## Entries supplied
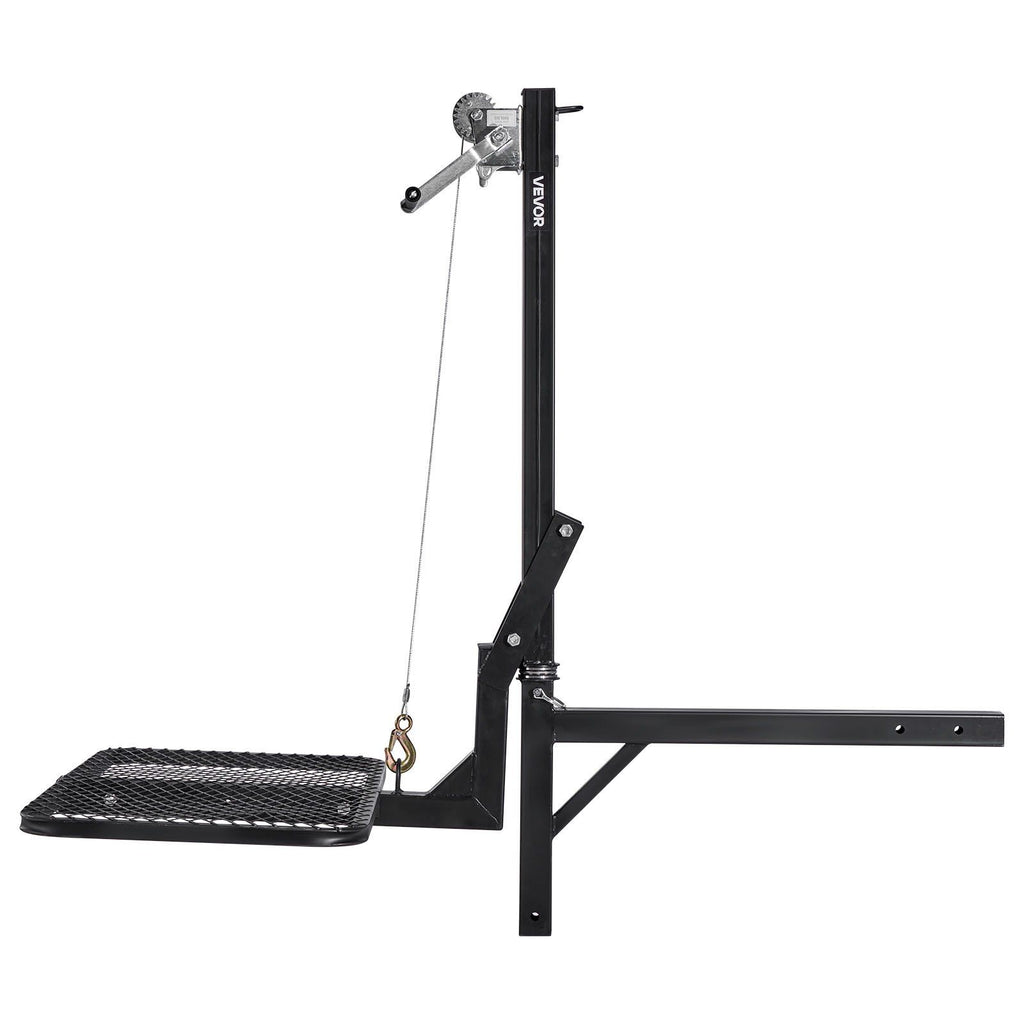Hitch Deer Hoist with Lifting System Platform, 300 lbs Load Capacity, Game Hoist Winch Lift with 2-inch Receiver, 360-Degree Swivel Shaft & Foldable, Hitch-Mounted Deer Hanger for Moving Game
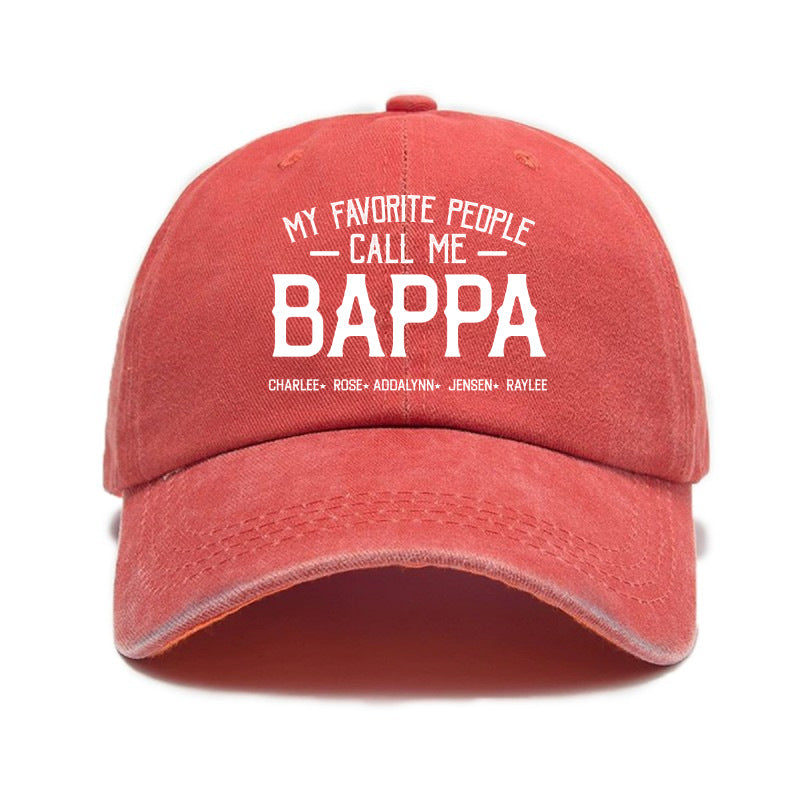 1 Washed Distressed Print Baseball Cap, Versatile and Fashionable Washed Distressed Style with "BAPPA" Letter Print, Soft Top Sun Baseball Cap, Unisex Hat
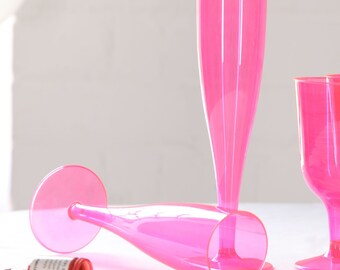 20 x Transparent Pink Plastic Prosecco Flutes 175ml Champagne Glasses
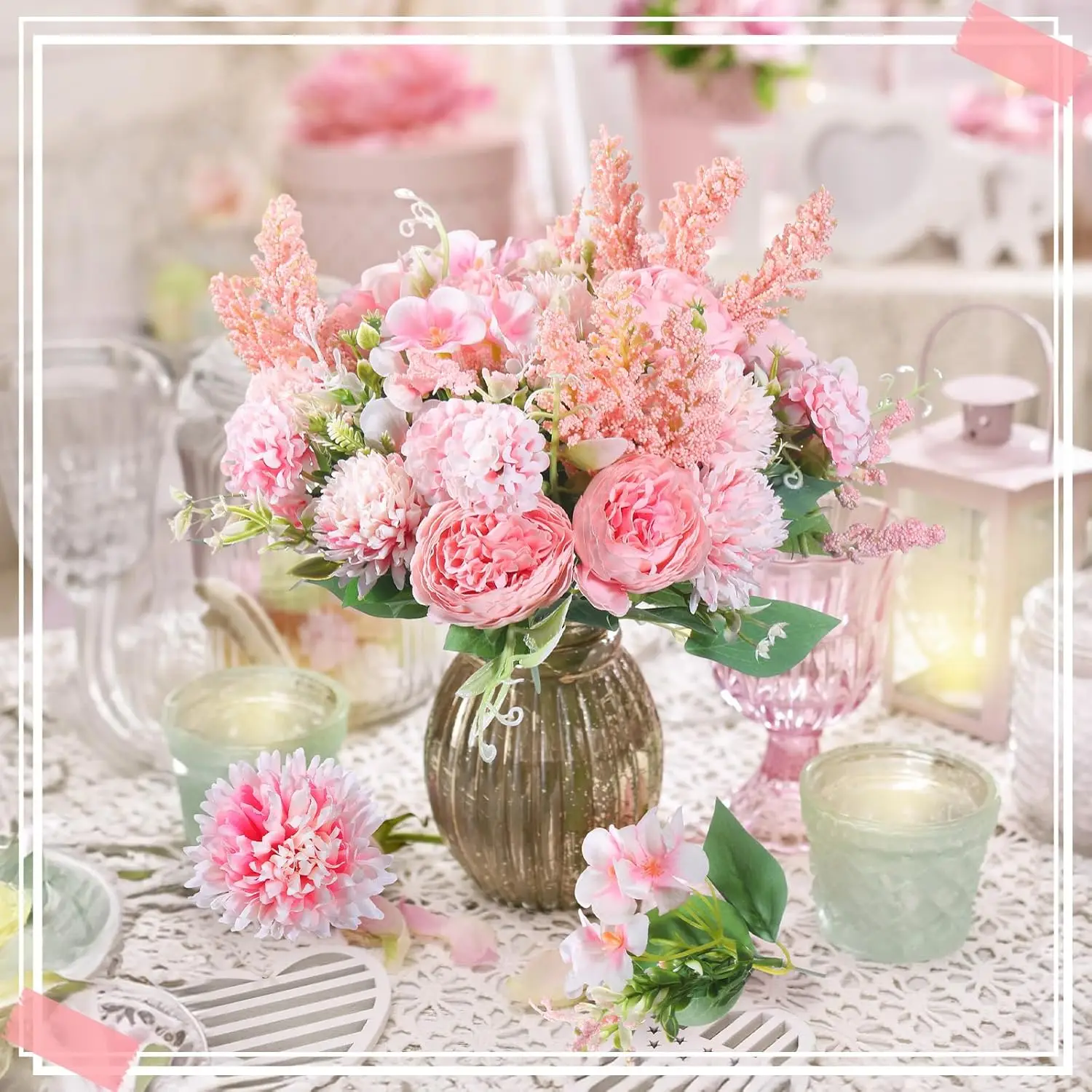 

Artificial Flowers Embroidered Balls Peony Wedding Wreath Home Room Outdoor Courtyard Garden Decor Bridal Bouquets DIY Gifts Box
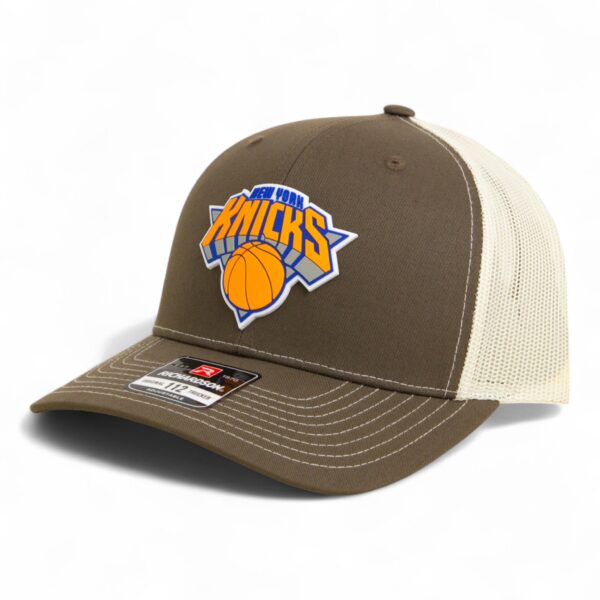 New York Knicks Snapback Trucker Hat- Chocolate Chip/ Birch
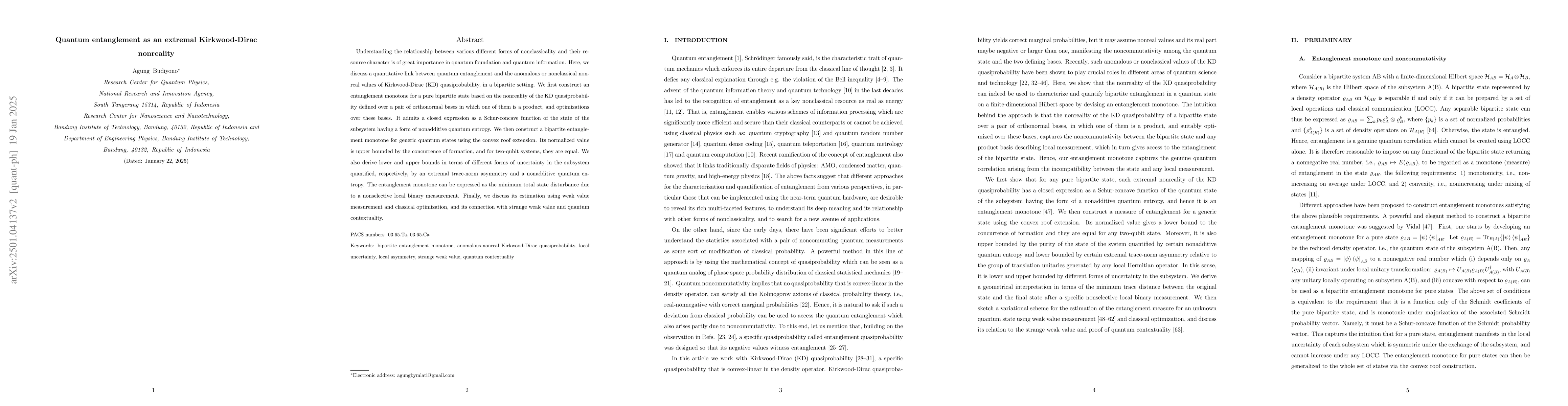 Thumbnail for Quantum entanglement as an extremal Kirkwood-Dirac nonreality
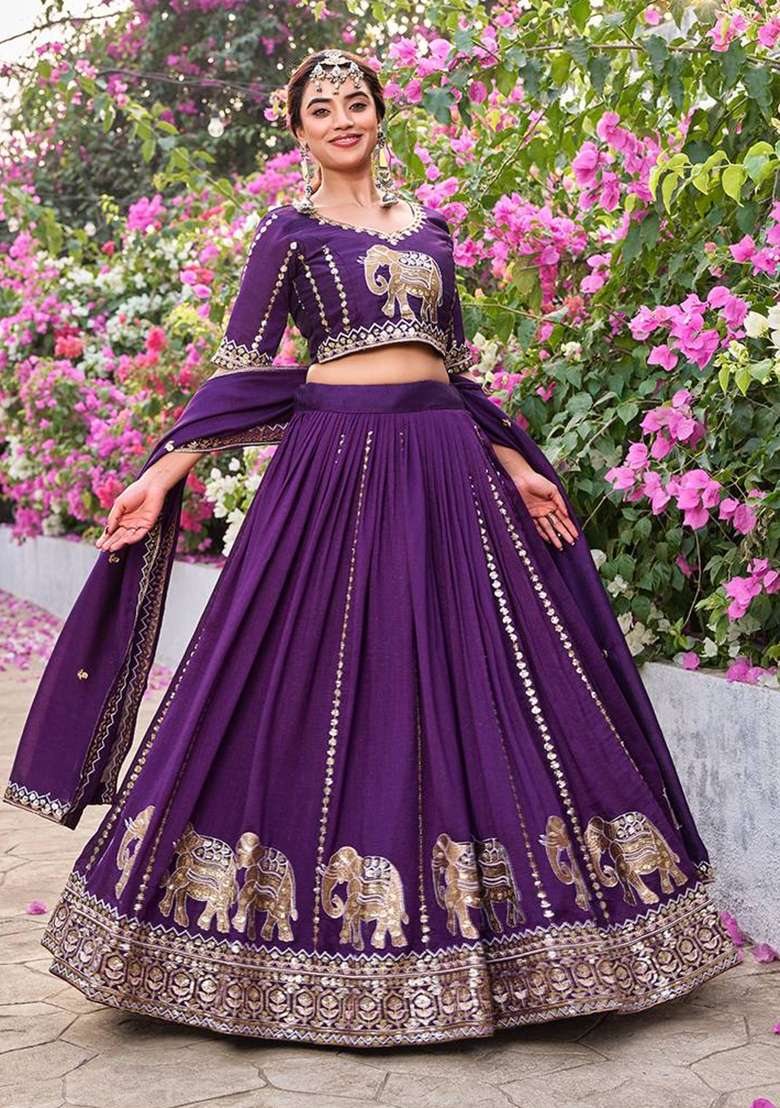 Wine Sequin Work Vichitra Lehenga Set for Diwali and Festive Wear - Indya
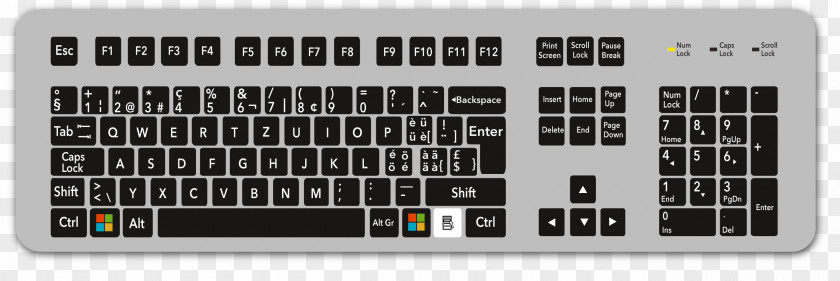 Computer Keyboard Numeric Keypads Space Bar Layout QWERTZ PNG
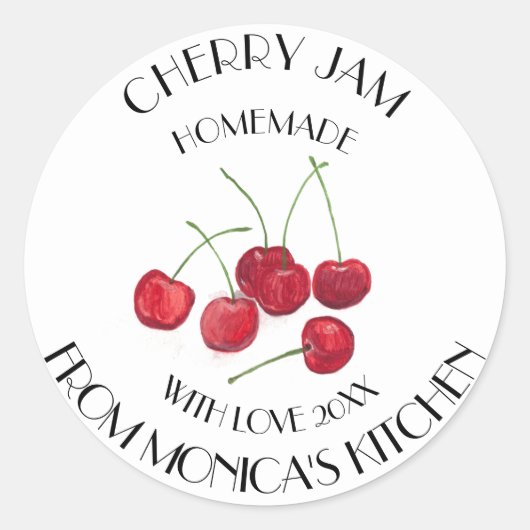 Kers Jam Aquarel Fruit Keukenlabel  Ronde Sticker (Voorkant)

## Task to carry out
An exact copy of the whole listing is required, minus the pictures.

## Task output
Hitch Deer Hoist with Lifting System Platform, 300 lbs Load Capacity, Game Hoist Winch Lift with 2-inch Receiver, 360-Degree Swivel Shaft & Foldable, Hitch-Mounted Deer Hanger for Moving Game
 1 Washed Distressed Print Baseball Cap, Versatile and Fashionable Washed Distressed Style with "BAPPA" Letter Print, Soft Top Sun Baseball Cap, Unisex Hat
 20 x Transparent Pink Plastic Prosecco Flutes 175ml Champagne Glasses

Artificial Flowers Embroidered Balls Peony Wedding Wreath Home Room Outdoor Courtyard Garden Decor Bridal Bouquets DIY Gifts Box
 New York Knicks Snapback Trucker Hat- Chocolate Chip/ Birch
 Thumbnail for Quantum entanglement as an extremal Kirkwood-Dirac nonreality
 Wine Sequin Work Vichitra Lehenga Set for Diwali and Festive Wear - Indya
 Computer Keyboard Numeric Keypads Space Bar Layout QWERTZ PNG
 Kers Jam Aquarel Fruit Keukenlabel  Ronde Sticker (Voorkant)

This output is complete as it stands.